In a televised interview over the weekend, Prime Minister General Prayut Chan-o-cha said he was confident both Thais and foreigners had become happier since he came into power.
"As far as I know, people are happier than they were before. What people are happy about is that the nation is at peace and in order. For me, I am happy because I make other people happy. As for the power I have, no, I'm not happy," he said.
Prayut, who led the military seizure in May last year in his capacity as Army chief, said many foreigners had told him they were content with the current situation in Thailand.
"People from Europe, the West and superpower nations have come to visit me. They show respect and say they are happy that I'm in power. They even ask me if I can ensure that Thailand continues in this manner. I'm not lying to you," the prime minister said.
Prayut was speaking to Scott Heidler, an Asia correspondent for the Qatar-based TV station Al Jazeera, in an interview this weekend.

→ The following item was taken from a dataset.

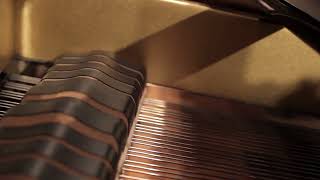 Piano Inside Close Free Stock Video Footage Download Clips Random Objects screenshot 5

Prayut, who is also leader of the National Council for Peace and Order, insisted that he never considered himself as the best man to run the country, but said he took office due to circumstance.
"I had to do this because no one else would. Now, I'm trying to follow the roadmap. I'll be here only for a year or two," he said.

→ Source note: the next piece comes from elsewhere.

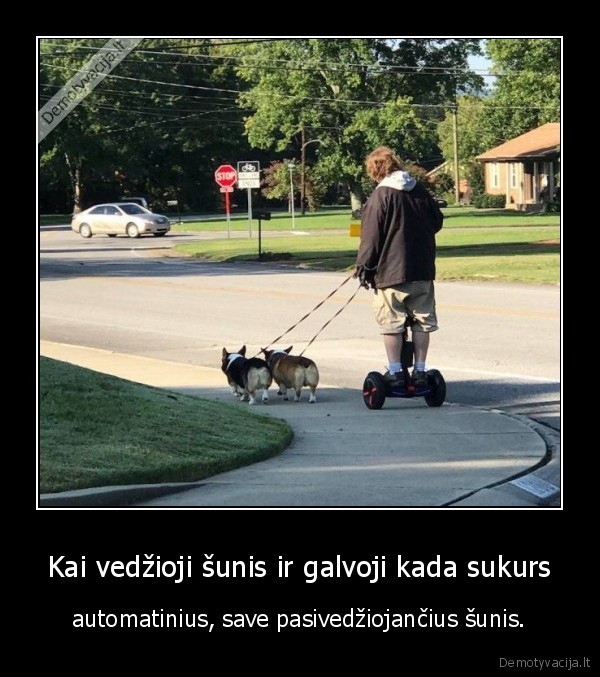 suo,sunys,vedziojimas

Since the May 22 coup, Prayut has attracted much criticism, being accused of undermining the country's democracy and curbing press freedom.

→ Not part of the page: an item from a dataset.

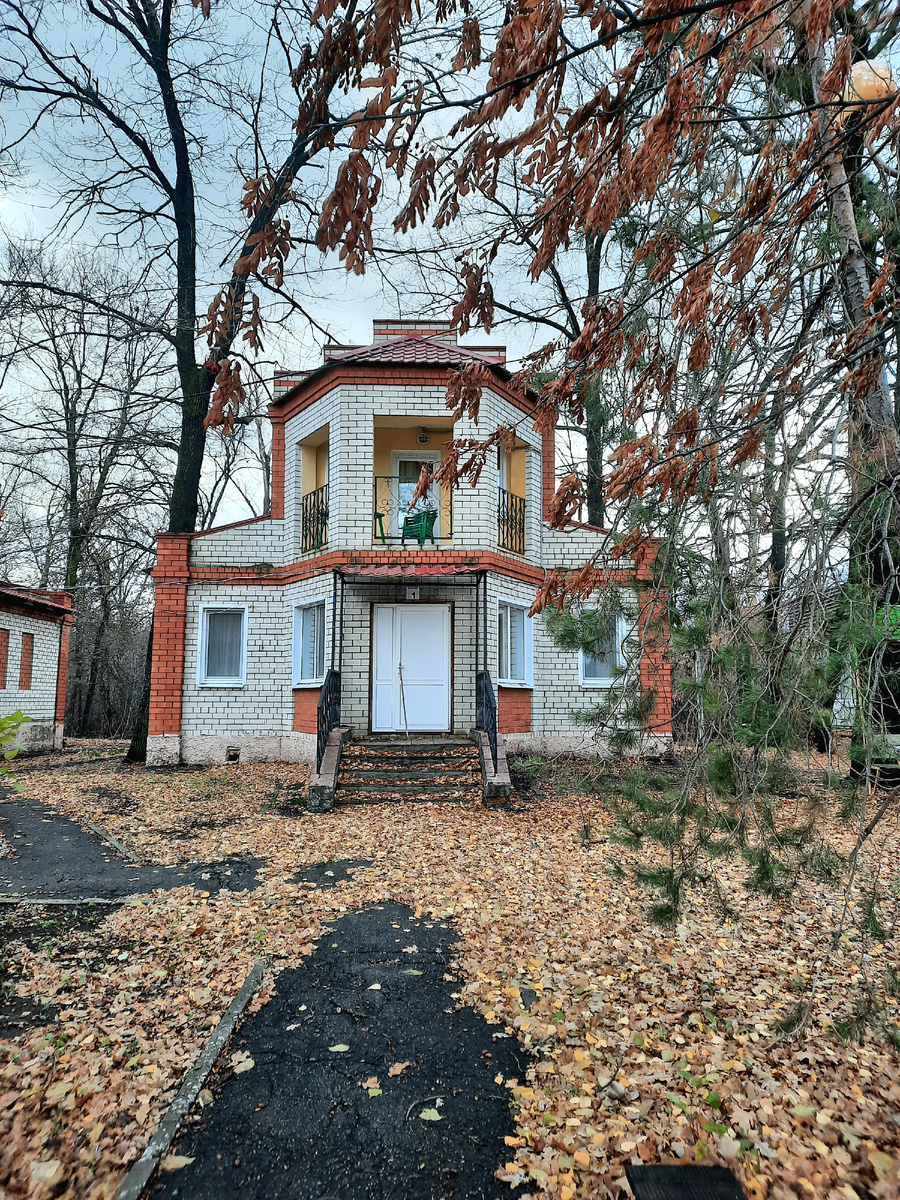 Вот сколько листьев намело к домам!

Asked to respond to the red-shirt movement's notion of how the reconciliation process is non-existent, Prayut said he has tried to be fair, but the red shirts need to be brought to justice because they are to blame.
"I am not an enemy of the red or the yellow shirts. People must stop taking sides based on colour. Be they red shirts or any other colour, they must be brought to justice because they are to blame. I'm not bullying anybody," he said.
He also cited some instances for which the red shirts are being blamed, including the burning down of provincial government buildings and shooting at officials. He said the evidence is very clear, but nobody wants to take responsibility.
Heidler pointed out that press freedom was the baseline of democracy and he asked Prayut about his notorious statement about executing journalists. The prime minister responded by saying he was just joking with the journalists and that this was the Thai sense of humour.
"Thai journalists know that I'm just joking with them. I've always been kind and compassionate, but the local media needs to be reformed and I have to advise them. I have to tell them what they can or cannot do, but I've never punished a single person from the press," he said.
Separately, in an article published in a government newsletter, Prayut said his government was promoting good governance so that the concept would take hold in Thailand.
"I am trying to rebuild the governance system," he wrote.